Saved entries
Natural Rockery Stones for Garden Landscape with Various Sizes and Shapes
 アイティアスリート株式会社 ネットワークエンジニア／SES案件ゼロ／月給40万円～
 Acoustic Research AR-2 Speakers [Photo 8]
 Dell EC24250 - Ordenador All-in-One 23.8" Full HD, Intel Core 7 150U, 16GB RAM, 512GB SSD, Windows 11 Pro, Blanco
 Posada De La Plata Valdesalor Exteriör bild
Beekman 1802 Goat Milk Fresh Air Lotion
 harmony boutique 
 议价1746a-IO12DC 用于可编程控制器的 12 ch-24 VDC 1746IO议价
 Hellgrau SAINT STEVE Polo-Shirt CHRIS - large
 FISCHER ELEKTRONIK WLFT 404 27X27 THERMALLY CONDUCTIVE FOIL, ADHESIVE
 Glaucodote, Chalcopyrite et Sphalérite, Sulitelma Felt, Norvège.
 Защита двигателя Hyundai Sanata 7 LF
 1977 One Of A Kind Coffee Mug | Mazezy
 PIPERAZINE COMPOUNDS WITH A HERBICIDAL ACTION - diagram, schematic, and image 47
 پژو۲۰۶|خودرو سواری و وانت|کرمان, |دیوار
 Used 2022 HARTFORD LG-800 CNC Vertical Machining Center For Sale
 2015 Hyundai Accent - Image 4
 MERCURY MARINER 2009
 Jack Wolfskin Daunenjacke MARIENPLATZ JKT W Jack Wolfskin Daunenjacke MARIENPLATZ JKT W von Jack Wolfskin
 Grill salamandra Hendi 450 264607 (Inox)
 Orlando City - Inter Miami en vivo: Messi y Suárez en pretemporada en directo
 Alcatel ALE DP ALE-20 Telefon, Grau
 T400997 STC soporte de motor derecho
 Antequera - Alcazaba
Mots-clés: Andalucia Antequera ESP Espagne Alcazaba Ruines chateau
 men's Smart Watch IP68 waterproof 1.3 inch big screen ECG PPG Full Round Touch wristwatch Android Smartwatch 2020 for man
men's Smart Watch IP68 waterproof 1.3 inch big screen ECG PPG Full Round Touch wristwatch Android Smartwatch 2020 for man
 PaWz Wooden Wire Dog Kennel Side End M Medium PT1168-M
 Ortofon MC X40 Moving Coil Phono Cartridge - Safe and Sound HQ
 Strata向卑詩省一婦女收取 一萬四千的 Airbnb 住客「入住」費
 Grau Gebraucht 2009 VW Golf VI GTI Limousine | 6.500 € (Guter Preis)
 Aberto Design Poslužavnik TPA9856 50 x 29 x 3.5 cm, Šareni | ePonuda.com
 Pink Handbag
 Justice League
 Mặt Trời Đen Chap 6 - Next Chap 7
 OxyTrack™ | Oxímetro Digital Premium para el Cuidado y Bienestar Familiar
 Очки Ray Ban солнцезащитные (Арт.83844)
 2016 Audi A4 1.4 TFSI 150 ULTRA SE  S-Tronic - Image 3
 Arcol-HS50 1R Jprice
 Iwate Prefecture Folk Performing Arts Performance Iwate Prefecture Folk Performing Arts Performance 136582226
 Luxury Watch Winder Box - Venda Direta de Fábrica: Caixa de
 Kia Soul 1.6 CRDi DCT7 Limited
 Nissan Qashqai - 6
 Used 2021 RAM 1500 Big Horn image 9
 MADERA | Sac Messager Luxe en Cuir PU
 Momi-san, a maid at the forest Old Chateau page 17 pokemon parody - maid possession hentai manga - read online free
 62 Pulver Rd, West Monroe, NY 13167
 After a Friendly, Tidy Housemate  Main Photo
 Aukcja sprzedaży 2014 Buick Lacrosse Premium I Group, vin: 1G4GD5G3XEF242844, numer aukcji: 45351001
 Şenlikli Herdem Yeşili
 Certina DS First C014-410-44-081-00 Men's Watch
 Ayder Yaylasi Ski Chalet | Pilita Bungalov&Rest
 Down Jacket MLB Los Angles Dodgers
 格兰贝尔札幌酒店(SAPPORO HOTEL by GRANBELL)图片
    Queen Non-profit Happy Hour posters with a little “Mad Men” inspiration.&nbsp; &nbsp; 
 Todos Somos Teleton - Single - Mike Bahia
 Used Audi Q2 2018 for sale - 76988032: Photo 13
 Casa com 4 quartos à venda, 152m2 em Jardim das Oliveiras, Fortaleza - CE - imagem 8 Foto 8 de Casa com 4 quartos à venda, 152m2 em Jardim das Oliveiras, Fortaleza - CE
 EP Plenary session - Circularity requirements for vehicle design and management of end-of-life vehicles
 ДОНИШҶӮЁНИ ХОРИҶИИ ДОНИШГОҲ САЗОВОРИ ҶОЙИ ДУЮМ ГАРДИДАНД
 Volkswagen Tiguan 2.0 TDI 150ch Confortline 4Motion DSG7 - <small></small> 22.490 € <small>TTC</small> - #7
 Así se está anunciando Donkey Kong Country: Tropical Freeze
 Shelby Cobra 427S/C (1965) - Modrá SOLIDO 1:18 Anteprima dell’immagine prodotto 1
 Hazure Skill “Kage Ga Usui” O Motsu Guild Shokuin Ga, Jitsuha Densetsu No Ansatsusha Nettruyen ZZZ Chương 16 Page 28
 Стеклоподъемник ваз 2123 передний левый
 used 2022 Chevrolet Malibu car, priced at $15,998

WHAT TO DO
Reproduce, character for character, only the lines of the preceding data that start at the line with "Mặt Trời Đen Chap 6 - Next Chap 7" and end at the line with "62 Pulver Rd, West Monroe, NY 13167", both included.

OUTPUT
 Mặt Trời Đen Chap 6 - Next Chap 7
 OxyTrack™ | Oxímetro Digital Premium para el Cuidado y Bienestar Familiar
 Очки Ray Ban солнцезащитные (Арт.83844)
 2016 Audi A4 1.4 TFSI 150 ULTRA SE  S-Tronic - Image 3
 Arcol-HS50 1R Jprice
 Iwate Prefecture Folk Performing Arts Performance Iwate Prefecture Folk Performing Arts Performance 136582226
 Luxury Watch Winder Box - Venda Direta de Fábrica: Caixa de
 Kia Soul 1.6 CRDi DCT7 Limited
 Nissan Qashqai - 6
 Used 2021 RAM 1500 Big Horn image 9
 MADERA | Sac Messager Luxe en Cuir PU
 Momi-san, a maid at the forest Old Chateau page 17 pokemon parody - maid possession hentai manga - read online free
 62 Pulver Rd, West Monroe, NY 13167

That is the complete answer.